Der Verfassungsgerichtshof hat in seiner Sommersession entschieden, dass ein Verbot von aggressivem Betteln nicht verfassungswidrig ist. Nicht verfassungskonform sind allerdings Bettelverbote ohne eine derartige Ausnahme, teilte VfGH-Präsident Gerhart Holzinger am Mittwoch bei einer Pressekonferenz mit. Aufgehoben wurde damit das Verbot in Salzburg, nicht jedoch in Oberösterreich und Kärnten. Grundsätzlich sind die Bundesländer zuständig, Bettelverbote zu erlassen, hielt der VfGH fest.

"Stilles" Betteln, etwa mit einem Hut, zu untersagen und mit eine Verwaltungsstrafe zu belegen ist verfassungswidrig, da es unsachlich ist und dem Artikel 10 der Europäischen Menschenrechtskonvention (Freiheit der Meinungsäußerung) widerspricht, erklärte Holzinger.

Bettelverbote ohne Ausnahme sind demnach verfassungswidrig. In Ordnung gehen Verbote, die bloß bestimmte Erscheinungsformen des Bettelns wie etwa aggressives Betteln, Betteln mit Kindern oder gewerbsmäßiges Betteln unter Strafe stellen.

Bundesländer-Regelungen
Regelungen zur Bettelei stehen kompetenzrechtlich im Rahmen der örtlichen Sicherheitspolizei den Bundesländern zu. Insgesamt sind beim VfGH fünf Fälle dazu anhängig, in drei wurde in der Sommersession eine Entscheidung getroffen.

Das Bettelverbot in Oberösterreich ist demnach nicht verfassungswidrig. Es enthält - "und nur so sind die sprachlich durchaus missglückten Formulierungen im Gesetz zu verstehen", so der VfGH - kein absolutes, auch das "stille Betteln" umfassendes Bettelverbot. Ebenso birgt die Regelung in Kärnten kein absolutes Bettelverbot.

Die Bestimmung in Salzburg hingegen wird als verfassungswidrig aufgehoben, denn sie verbietet auch das nicht aggressive, "stille" Betteln.

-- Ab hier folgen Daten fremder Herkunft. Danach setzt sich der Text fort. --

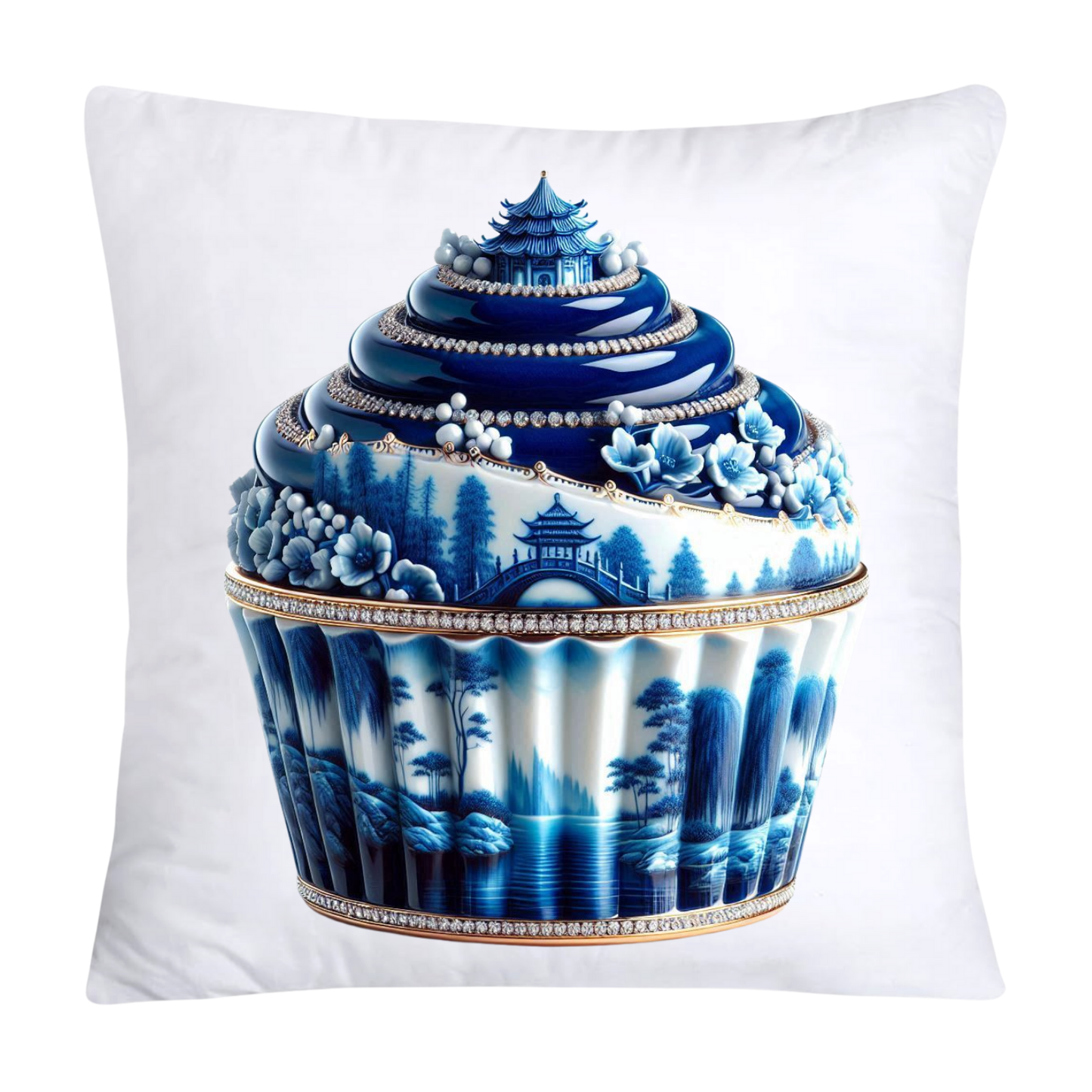 Blue Willow Chinoiserie Cupcake Throw Pillow Covers 18X18-140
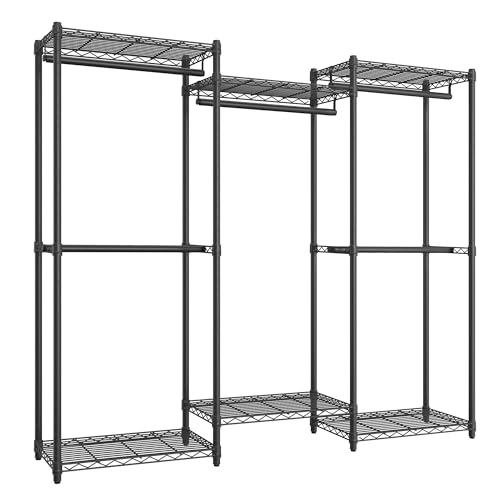 SONGMICS Heavy-Duty Clothes Rack, Garment Rack, Portable Closet, 68.7-Inch Wide Clothing Rack with Adjustable Mesh Shelves and Hanging Rails, Ink Black ULGR433B01 by SONGMICS - Image 2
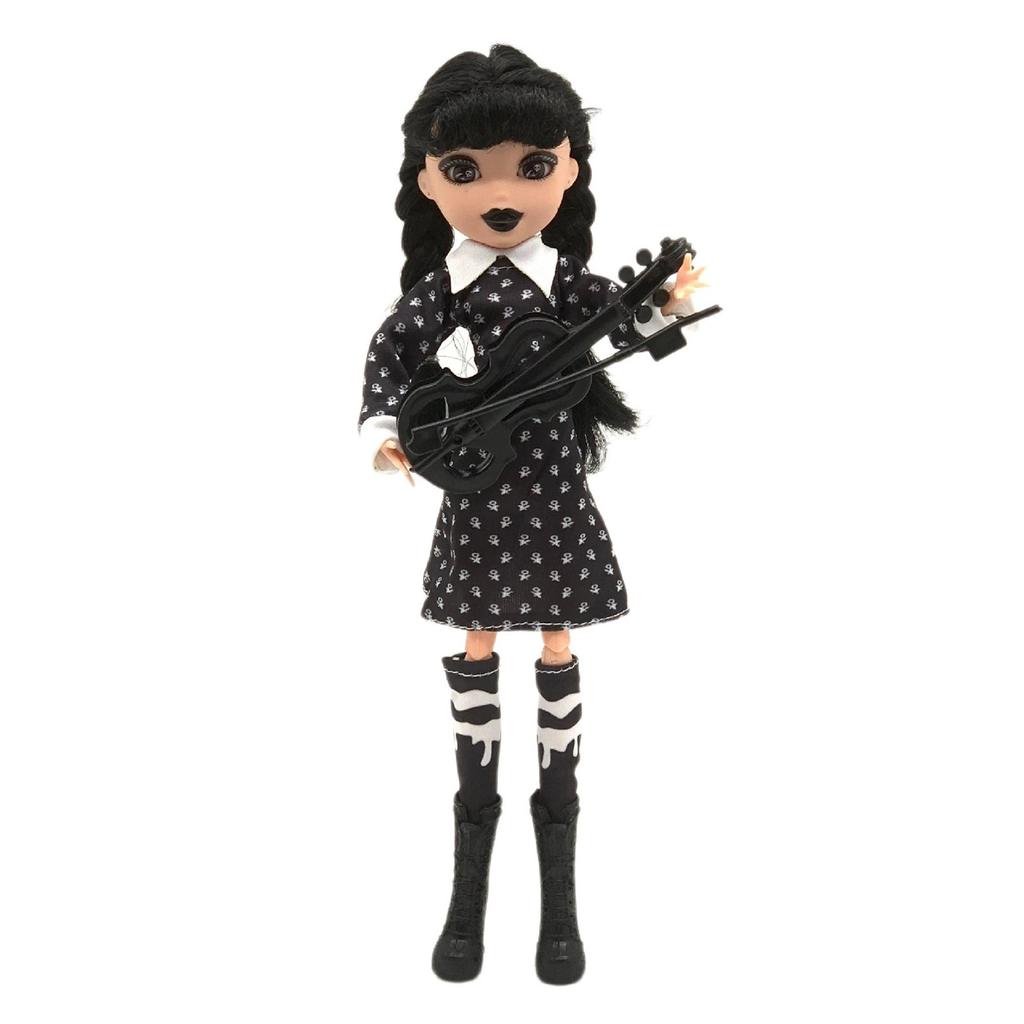 11,5-дюймовая кукла с подарочной коробкой, черное платье, каблуки и волосы, идеальная игрушка в подарок для девочек и фанатов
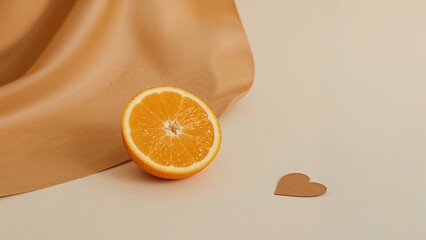 Half orange fruit with small wooden heart on a beige surface and background.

Eine Reparaturfrist wurde laut Unterlage nicht gegeben. Die Aufhebung gilt ab Kundmachung im Landesgesetzblatt und diese habe "unverzüglich" zu erfolgen.

Zu den Fällen in Wien und der Steiermark wurden Entscheidungen für September angekündigt.

Wörtlich hielt der VfGH zu den aktuellen Entscheidungen fest: "Öffentlichen Orten (...) ist die Begegnung mit anderen Menschen immanent. Eine Störung der öffentlichen Ordnung kann (...) von der bloßen Anwesenheit einzelner Menschen an öffentlichen Orten, die um finanzielle Unterstützung werben ohne qualifizierte, etwa aufdringliche oder aggressive Verhaltensweisen an den Tag zu legen, nicht ausgehen." Dass dies als belästigend, störend oder gar schockierend empfunden werden kann, ändere nichts am grundsätzlichen Schutz derartiger kommunikativer Verhaltensweisen durch Artikel zehn der Europäischen Menschenrechtskommission.